Lanskap pekerjaan global tengah mengalami pergeseran seismik akibat gelombang kemajuan teknologi yang tak terbendung, terutama kecerdasan buatan (AI) dan otomatisasi. Bukan hanya itu, arus globalisasi, perubahan demografi yang dinamis, serta kebijakan pemerintah yang adaptif turut memainkan peran krusial dalam membentuk kembali peta kesempatan kerja bagi masyarakat.
Sebuah laporan teranyar dari World Economic Forum (WEF) bertajuk “Future of Jobs Report 2025” baru-baru ini meramalkan 15 jenis pekerjaan yang akan mengalami lonjakan pertumbuhan dan 15 jenis pekerjaan lainnya yang diprediksi akan mengalami penyusutan signifikan di masa depan.
Menelisik Dua Kubu Pekerja: Kerah Putih Versus Kerah Biru
Sebelum menyelami lebih dalam daftar pekerjaan yang bakal naik daun dan meredup, penting untuk memahami dikotomi klasik dalam dunia kerja: pekerja kerah putih (white collar) dan pekerja kerah biru (blue collar).
Merujuk pada Glints, istilah “blue collar” mulai populer pada dekade 1920-an untuk menggambarkan para pekerja di sektor pertambangan atau konstruksi yang lazim mengenakan pakaian kerja berwarna gelap, seperti jeans. Lambat laun, istilah ini meluas menjadi representasi kelas pekerja (working class) secara keseluruhan, yang seringkali memiliki latar belakang pendidikan vokasi. Hingga kini, sebutan pekerja kerah biru masih melekat pada individu yang mayoritas aktivitas kerjanya melibatkan keterampilan fisik atau terjun langsung ke lapangan, seperti teknisi, mekanik, dan insinyur. Mereka umumnya beraktivitas di lokasi seperti gudang, bengkel, atau area luar ruangan lainnya.
Di sisi lain, istilah “white collar jobs” mulai mengemuka pada era 1930-an.

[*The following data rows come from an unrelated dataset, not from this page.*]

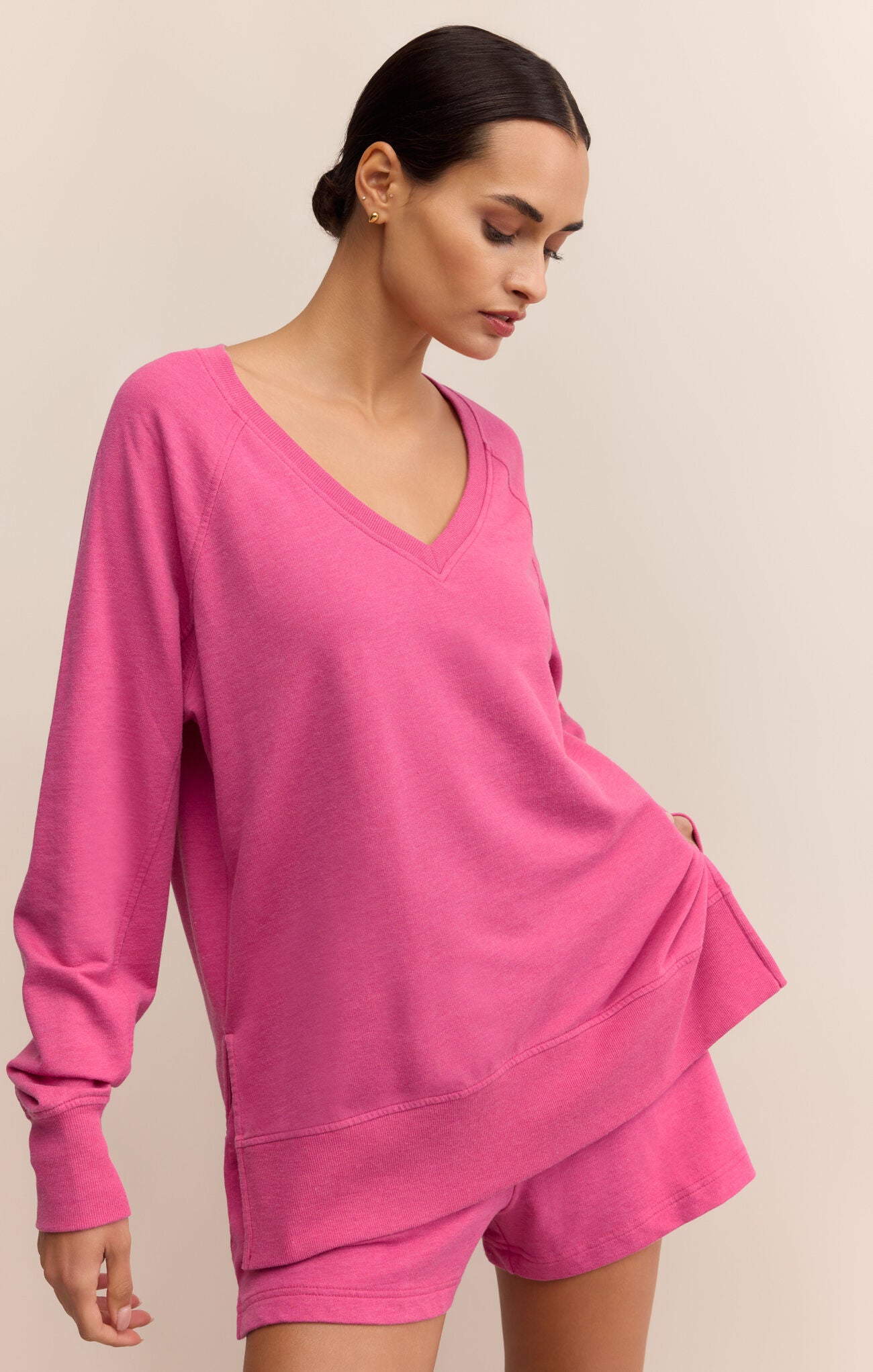 Weekender V Neck Pink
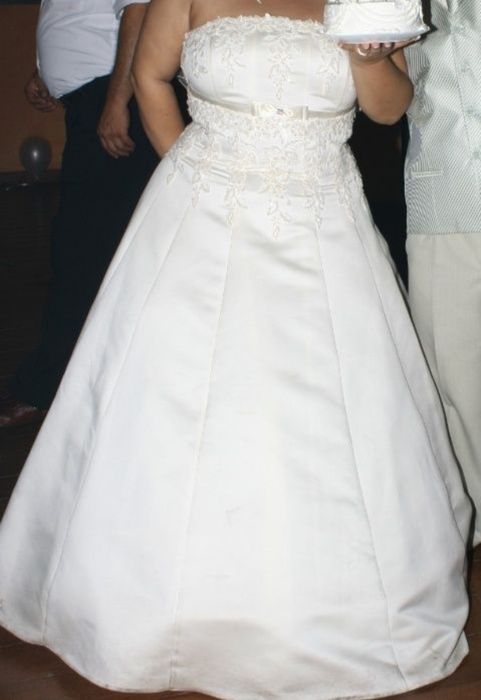 Rochie mireasa și accesorii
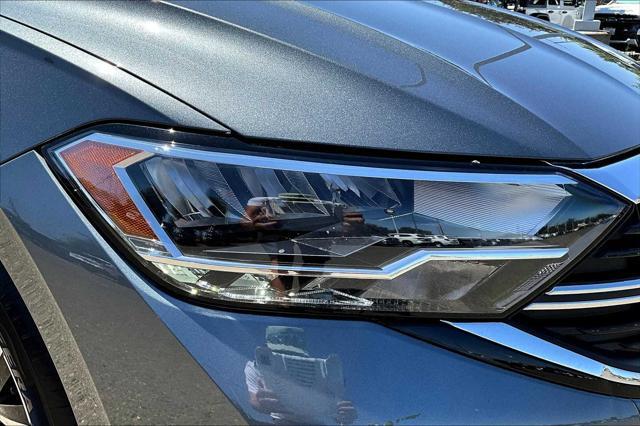 Photo of 2024 Platinum Gray Metallic Volkswagen Jetta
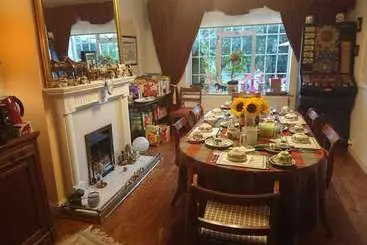 Hayleaze Bed & Breakfast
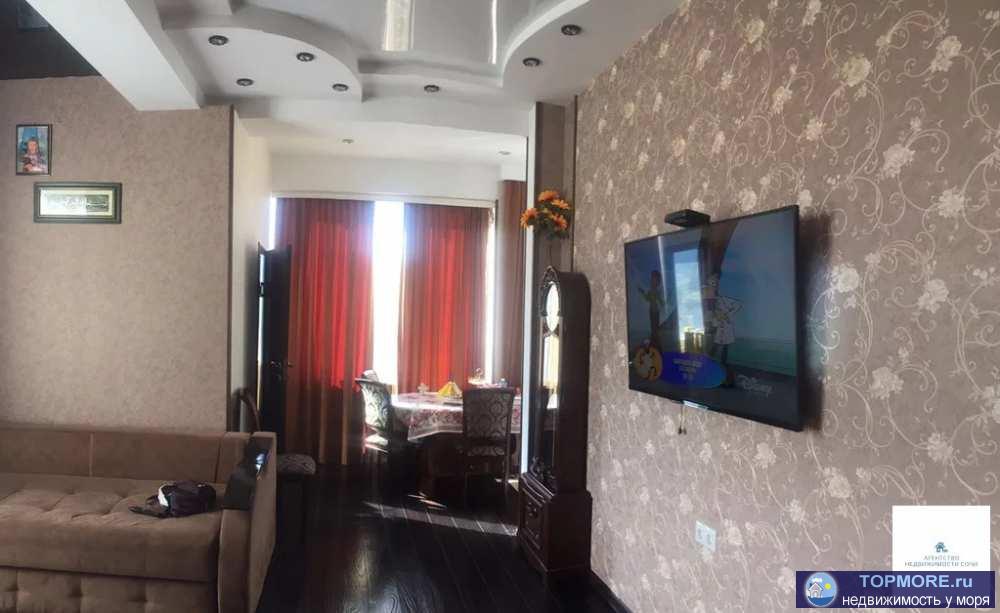 Квартира 86 кв.м есть лоджия  Высокие потолки, 6 окон.  Полностью укомплектована  Большая ванная комната,2...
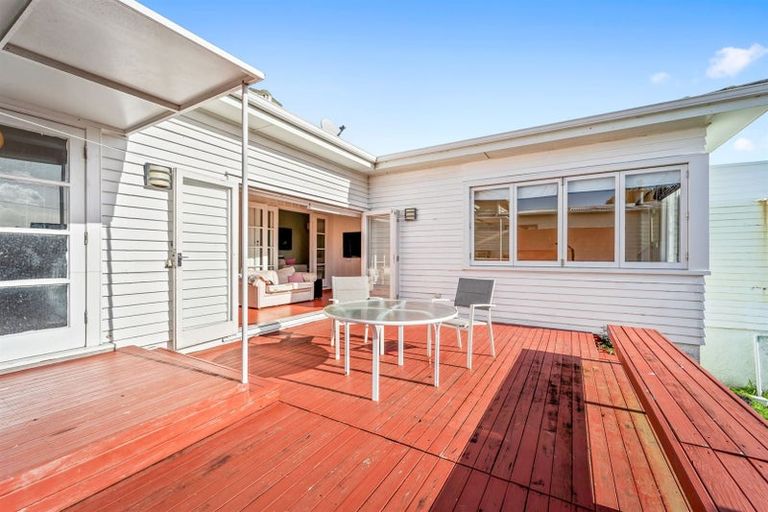 Photo of property in 15 Tennyson Avenue, Takapuna, Auckland, 0622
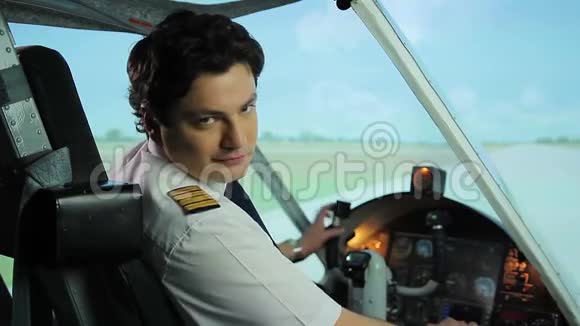 愉快的飞行员对着镜头微笑竖起大拇指航空事业成功视频的预览图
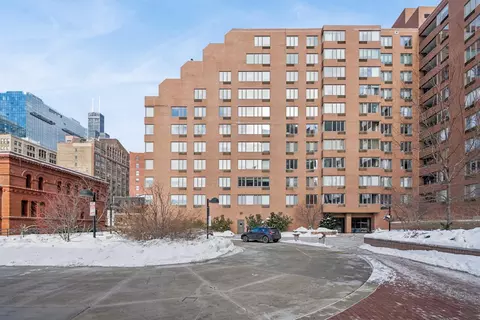801 S Plymouth Ave #415, Chicago, IL 60605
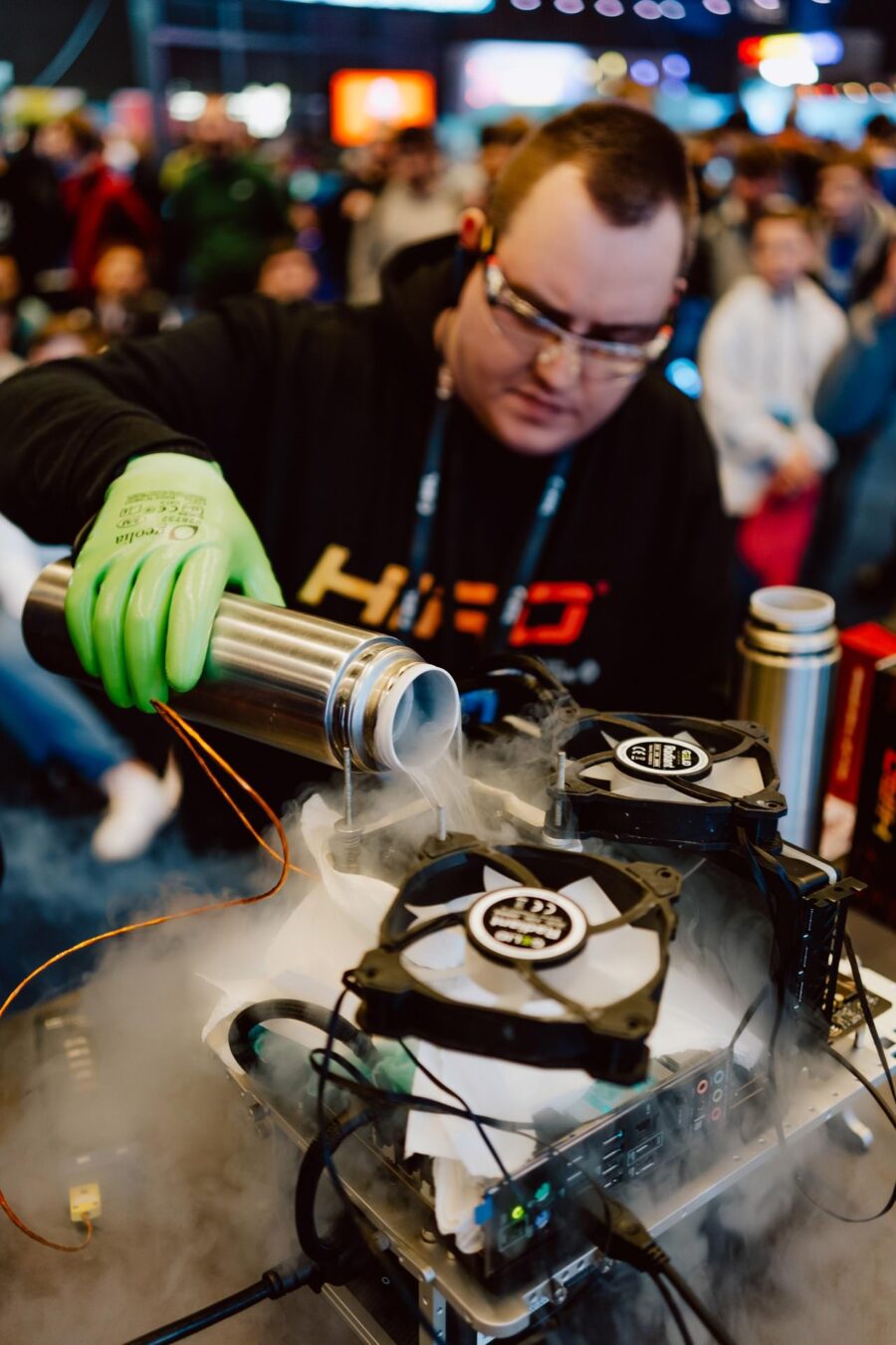 Overclocker wlewa ciekły azot do chłodzenia procesora, IEM Katowice 2024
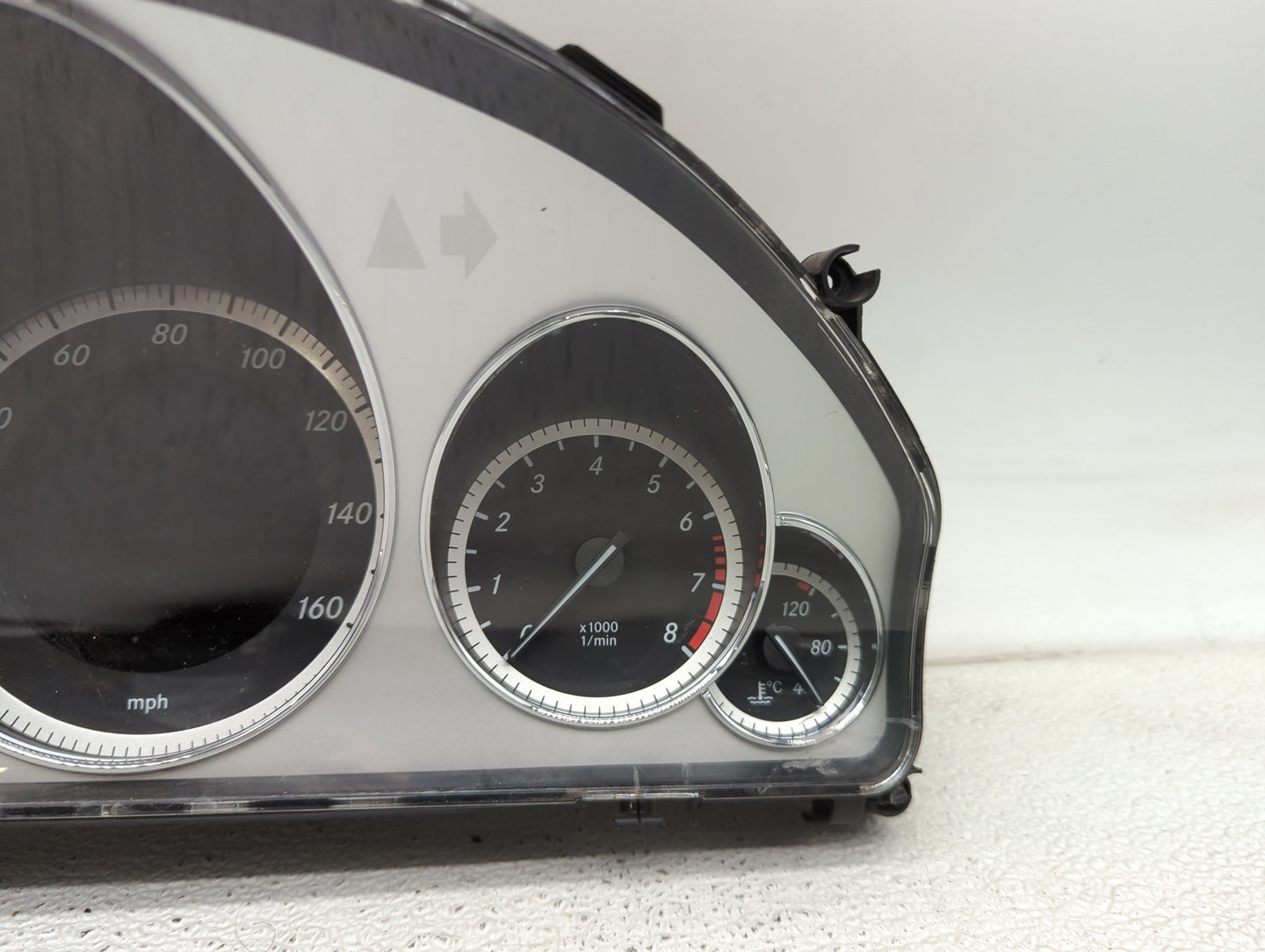 2012 Mercedes-Benz E-Class Instrument Cluster Speedometer Gauges P/N:A2129004213 A2C33061900 Miles:82K Fits OEM Used Auto Pa
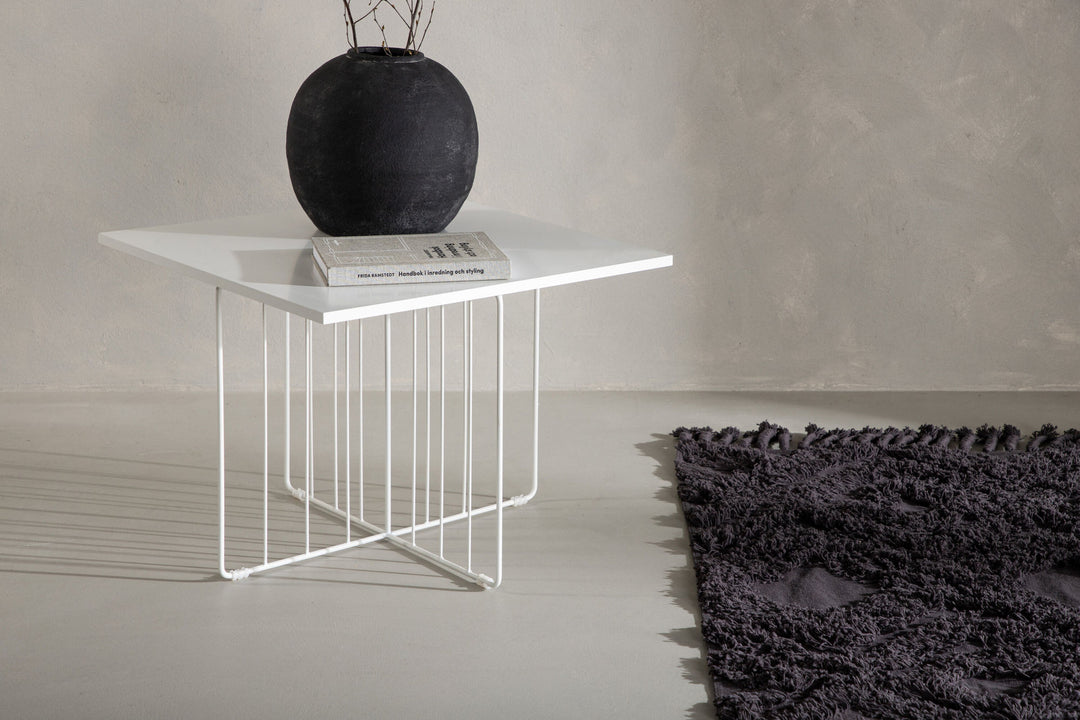 Venture Home Dayton Sofa Table - White / White MDF
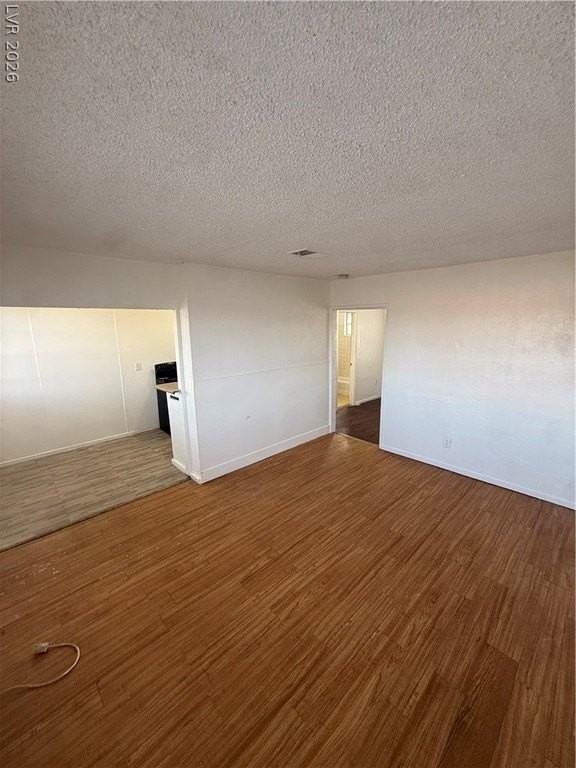 708 Jackson Ave #D - Photo 3 of 18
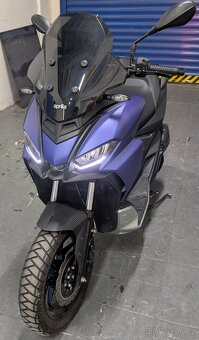 Aprilia SR GT 125 - 3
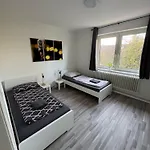 Ruhige 3-zimmerwohnung Im Norden Bremens Fuer Monteure Und Geschaeftsreisende Pm 31 Og 아파트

Menurut catatan BBC, istilah ini pertama kali diperkenalkan oleh penulis asal Amerika Serikat, Upton Sinclair, untuk menamai para pekerja kantoran. Julukan ini terinspirasi dari tren pekerja kantoran pada masa itu yang mayoritas mengenakan kemeja berkerah putih. Pekerja kerah putih umumnya memiliki bekal pendidikan formal setara Sarjana (S1), beroperasi di lingkungan kantor, dan mengemban tugas serta tanggung jawab yang berkaitan dengan pengelolaan perusahaan. Sistem penggajian mereka biasanya didasarkan pada jumlah jam kerja standar (sekitar empat puluh jam per minggu) dan cenderung memiliki pendapatan bulanan yang stabil.